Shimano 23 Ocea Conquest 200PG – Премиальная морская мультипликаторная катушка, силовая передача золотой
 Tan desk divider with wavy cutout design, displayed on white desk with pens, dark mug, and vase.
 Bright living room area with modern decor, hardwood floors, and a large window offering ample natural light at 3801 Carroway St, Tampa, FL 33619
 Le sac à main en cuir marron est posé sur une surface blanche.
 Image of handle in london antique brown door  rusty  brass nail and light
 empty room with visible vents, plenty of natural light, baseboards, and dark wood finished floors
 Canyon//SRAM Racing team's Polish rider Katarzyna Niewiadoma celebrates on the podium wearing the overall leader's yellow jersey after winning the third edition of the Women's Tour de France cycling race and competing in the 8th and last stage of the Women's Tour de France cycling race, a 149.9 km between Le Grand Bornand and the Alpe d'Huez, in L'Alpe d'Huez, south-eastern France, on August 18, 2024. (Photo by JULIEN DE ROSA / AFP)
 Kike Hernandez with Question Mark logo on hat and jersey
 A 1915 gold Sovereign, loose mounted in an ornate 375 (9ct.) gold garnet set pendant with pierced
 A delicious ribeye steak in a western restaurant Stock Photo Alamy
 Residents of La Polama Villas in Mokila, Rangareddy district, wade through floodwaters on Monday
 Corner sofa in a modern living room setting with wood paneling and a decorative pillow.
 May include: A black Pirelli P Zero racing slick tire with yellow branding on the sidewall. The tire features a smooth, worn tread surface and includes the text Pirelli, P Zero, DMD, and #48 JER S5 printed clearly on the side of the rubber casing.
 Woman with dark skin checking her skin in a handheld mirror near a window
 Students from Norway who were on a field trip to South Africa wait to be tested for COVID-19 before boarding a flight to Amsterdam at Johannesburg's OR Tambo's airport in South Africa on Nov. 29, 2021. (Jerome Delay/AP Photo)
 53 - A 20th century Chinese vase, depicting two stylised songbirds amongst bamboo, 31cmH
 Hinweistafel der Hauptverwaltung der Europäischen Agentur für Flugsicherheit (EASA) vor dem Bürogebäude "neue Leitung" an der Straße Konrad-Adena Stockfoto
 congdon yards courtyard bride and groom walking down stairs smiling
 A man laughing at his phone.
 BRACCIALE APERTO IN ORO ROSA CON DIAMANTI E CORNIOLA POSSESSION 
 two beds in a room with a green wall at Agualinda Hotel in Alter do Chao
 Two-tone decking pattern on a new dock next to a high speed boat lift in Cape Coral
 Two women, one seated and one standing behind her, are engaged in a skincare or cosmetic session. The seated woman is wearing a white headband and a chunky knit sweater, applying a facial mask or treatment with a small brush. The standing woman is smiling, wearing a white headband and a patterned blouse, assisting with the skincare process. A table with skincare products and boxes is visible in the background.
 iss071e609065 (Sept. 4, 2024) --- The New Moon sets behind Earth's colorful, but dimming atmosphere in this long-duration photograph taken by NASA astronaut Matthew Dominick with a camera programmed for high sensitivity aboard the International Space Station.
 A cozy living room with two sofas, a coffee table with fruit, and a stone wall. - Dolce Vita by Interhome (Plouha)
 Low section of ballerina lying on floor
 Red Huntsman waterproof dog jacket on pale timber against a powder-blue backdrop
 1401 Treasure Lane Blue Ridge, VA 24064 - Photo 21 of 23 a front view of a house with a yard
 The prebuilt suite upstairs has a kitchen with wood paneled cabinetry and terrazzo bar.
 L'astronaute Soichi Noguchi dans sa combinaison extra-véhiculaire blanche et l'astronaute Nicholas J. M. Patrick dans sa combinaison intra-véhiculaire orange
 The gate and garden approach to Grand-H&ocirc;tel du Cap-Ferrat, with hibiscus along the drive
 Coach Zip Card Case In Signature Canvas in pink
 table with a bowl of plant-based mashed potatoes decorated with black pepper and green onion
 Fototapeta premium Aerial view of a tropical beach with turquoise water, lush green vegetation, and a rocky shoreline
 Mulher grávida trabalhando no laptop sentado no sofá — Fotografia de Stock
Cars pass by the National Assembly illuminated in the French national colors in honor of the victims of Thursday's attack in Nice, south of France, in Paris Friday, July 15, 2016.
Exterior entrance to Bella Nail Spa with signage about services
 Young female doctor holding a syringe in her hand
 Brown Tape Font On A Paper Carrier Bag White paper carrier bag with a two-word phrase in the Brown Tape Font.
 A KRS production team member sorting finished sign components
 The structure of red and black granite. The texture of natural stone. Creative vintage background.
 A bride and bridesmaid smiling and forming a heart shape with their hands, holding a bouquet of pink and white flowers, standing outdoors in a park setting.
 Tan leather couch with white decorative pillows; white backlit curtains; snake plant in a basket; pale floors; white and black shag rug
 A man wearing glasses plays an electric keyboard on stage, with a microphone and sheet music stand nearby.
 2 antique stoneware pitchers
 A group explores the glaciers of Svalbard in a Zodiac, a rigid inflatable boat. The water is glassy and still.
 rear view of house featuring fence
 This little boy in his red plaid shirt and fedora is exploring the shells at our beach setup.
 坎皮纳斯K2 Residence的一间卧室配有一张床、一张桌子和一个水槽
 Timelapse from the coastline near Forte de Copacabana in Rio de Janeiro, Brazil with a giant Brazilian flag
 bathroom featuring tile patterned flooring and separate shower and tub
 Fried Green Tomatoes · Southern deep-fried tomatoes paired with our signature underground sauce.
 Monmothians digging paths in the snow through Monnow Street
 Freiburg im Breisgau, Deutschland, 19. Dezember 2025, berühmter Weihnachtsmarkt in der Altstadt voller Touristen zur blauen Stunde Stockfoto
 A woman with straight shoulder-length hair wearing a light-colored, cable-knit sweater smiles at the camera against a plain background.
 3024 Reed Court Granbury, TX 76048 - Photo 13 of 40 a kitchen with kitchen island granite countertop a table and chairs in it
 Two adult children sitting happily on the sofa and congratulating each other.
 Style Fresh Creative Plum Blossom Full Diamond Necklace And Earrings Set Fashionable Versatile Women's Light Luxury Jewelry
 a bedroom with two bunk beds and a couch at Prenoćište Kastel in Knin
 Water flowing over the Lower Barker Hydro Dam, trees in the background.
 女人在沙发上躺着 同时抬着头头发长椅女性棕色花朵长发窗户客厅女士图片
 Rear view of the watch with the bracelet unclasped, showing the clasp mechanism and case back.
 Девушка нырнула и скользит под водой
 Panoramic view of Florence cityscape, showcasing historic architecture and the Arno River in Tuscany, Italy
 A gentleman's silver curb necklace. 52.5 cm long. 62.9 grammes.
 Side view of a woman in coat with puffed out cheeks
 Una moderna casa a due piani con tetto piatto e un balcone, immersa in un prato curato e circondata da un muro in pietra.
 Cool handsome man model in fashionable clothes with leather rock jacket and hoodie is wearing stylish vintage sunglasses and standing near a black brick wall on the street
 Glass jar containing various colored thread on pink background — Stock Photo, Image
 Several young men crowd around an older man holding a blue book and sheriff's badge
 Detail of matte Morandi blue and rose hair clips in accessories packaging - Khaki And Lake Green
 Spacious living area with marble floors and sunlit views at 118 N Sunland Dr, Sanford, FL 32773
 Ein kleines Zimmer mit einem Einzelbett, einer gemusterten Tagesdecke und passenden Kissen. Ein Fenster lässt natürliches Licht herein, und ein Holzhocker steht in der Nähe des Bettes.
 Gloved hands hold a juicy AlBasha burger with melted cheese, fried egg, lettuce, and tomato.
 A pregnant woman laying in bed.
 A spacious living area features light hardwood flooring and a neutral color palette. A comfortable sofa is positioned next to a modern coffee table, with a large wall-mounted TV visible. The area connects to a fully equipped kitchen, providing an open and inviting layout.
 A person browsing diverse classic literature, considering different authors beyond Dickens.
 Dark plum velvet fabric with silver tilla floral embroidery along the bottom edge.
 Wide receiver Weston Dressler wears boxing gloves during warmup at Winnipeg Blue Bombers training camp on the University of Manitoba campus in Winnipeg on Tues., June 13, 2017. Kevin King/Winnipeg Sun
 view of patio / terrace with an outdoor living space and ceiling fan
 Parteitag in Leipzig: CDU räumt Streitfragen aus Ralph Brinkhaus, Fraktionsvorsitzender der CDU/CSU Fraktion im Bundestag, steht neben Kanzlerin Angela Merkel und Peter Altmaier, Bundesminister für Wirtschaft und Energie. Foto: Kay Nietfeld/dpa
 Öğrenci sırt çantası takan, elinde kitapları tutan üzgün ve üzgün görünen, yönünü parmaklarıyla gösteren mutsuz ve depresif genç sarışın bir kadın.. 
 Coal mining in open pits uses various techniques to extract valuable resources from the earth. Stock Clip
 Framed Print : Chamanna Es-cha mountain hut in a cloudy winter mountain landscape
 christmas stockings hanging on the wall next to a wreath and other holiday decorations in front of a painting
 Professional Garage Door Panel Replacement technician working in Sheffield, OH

## What to produce
All that is wanted is a faithful reproduction of the line above with "A delicious ribeye", the line with "Two women, one", and every line in between.

## Exercise result
 A delicious ribeye steak in a western restaurant Stock Photo Alamy
 Residents of La Polama Villas in Mokila, Rangareddy district, wade through floodwaters on Monday
 Corner sofa in a modern living room setting with wood paneling and a decorative pillow.
 May include: A black Pirelli P Zero racing slick tire with yellow branding on the sidewall. The tire features a smooth, worn tread surface and includes the text Pirelli, P Zero, DMD, and #48 JER S5 printed clearly on the side of the rubber casing.
 Woman with dark skin checking her skin in a handheld mirror near a window
 Students from Norway who were on a field trip to South Africa wait to be tested for COVID-19 before boarding a flight to Amsterdam at Johannesburg's OR Tambo's airport in South Africa on Nov. 29, 2021. (Jerome Delay/AP Photo)
 53 - A 20th century Chinese vase, depicting two stylised songbirds amongst bamboo, 31cmH
 Hinweistafel der Hauptverwaltung der Europäischen Agentur für Flugsicherheit (EASA) vor dem Bürogebäude "neue Leitung" an der Straße Konrad-Adena Stockfoto
 congdon yards courtyard bride and groom walking down stairs smiling
 A man laughing at his phone.
 BRACCIALE APERTO IN ORO ROSA CON DIAMANTI E CORNIOLA POSSESSION 
 two beds in a room with a green wall at Agualinda Hotel in Alter do Chao
 Two-tone decking pattern on a new dock next to a high speed boat lift in Cape Coral
 Two women, one seated and one standing behind her, are engaged in a skincare or cosmetic session. The seated woman is wearing a white headband and a chunky knit sweater, applying a facial mask or treatment with a small brush. The standing woman is smiling, wearing a white headband and a patterned blouse, assisting with the skincare process. A table with skincare products and boxes is visible in the background.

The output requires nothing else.